'''
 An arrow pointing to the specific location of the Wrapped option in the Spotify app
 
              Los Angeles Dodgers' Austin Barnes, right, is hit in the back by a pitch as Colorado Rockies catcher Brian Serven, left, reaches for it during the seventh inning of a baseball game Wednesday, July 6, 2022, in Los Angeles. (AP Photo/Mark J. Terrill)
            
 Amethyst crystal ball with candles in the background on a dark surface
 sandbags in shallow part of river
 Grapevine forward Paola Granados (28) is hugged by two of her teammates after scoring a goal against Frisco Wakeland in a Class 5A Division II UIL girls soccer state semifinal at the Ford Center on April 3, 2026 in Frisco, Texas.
'''
'''
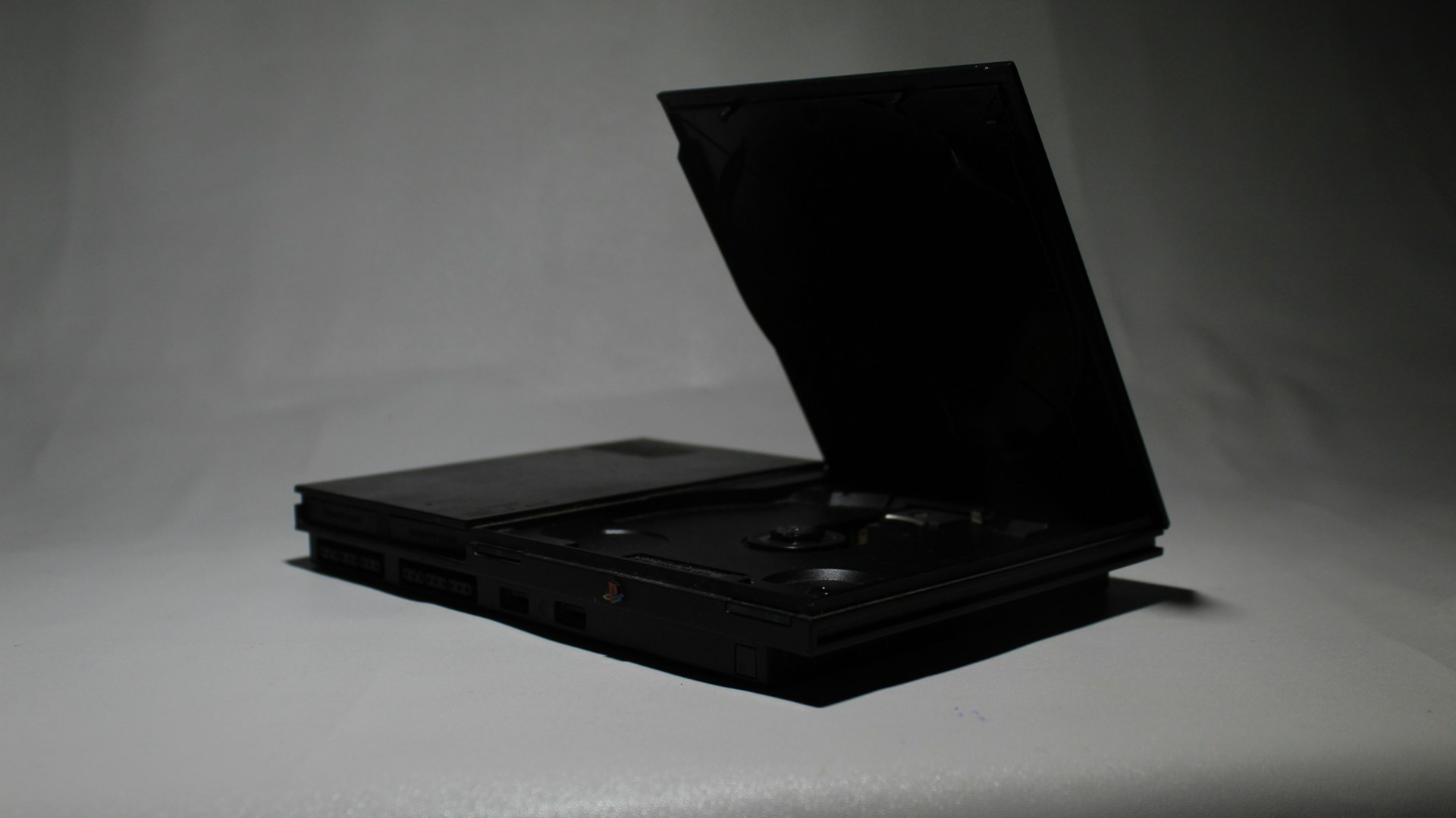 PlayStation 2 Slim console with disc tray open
'''
'''
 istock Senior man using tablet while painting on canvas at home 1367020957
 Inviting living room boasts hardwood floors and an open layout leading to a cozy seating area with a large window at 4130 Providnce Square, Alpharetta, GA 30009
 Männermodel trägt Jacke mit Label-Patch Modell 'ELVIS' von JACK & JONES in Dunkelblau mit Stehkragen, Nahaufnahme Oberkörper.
'''
[PROBLEM STATEMENT]
Going back over the entries above, copy word for word every line from the one that has "istock Senior man" on through the one that has "Männermodel trägt Jacke".

[YOUR RESPONSE]
 istock Senior man using tablet while painting on canvas at home 1367020957
 Inviting living room boasts hardwood floors and an open layout leading to a cozy seating area with a large window at 4130 Providnce Square, Alpharetta, GA 30009
 Männermodel trägt Jacke mit Label-Patch Modell 'ELVIS' von JACK & JONES in Dunkelblau mit Stehkragen, Nahaufnahme Oberkörper.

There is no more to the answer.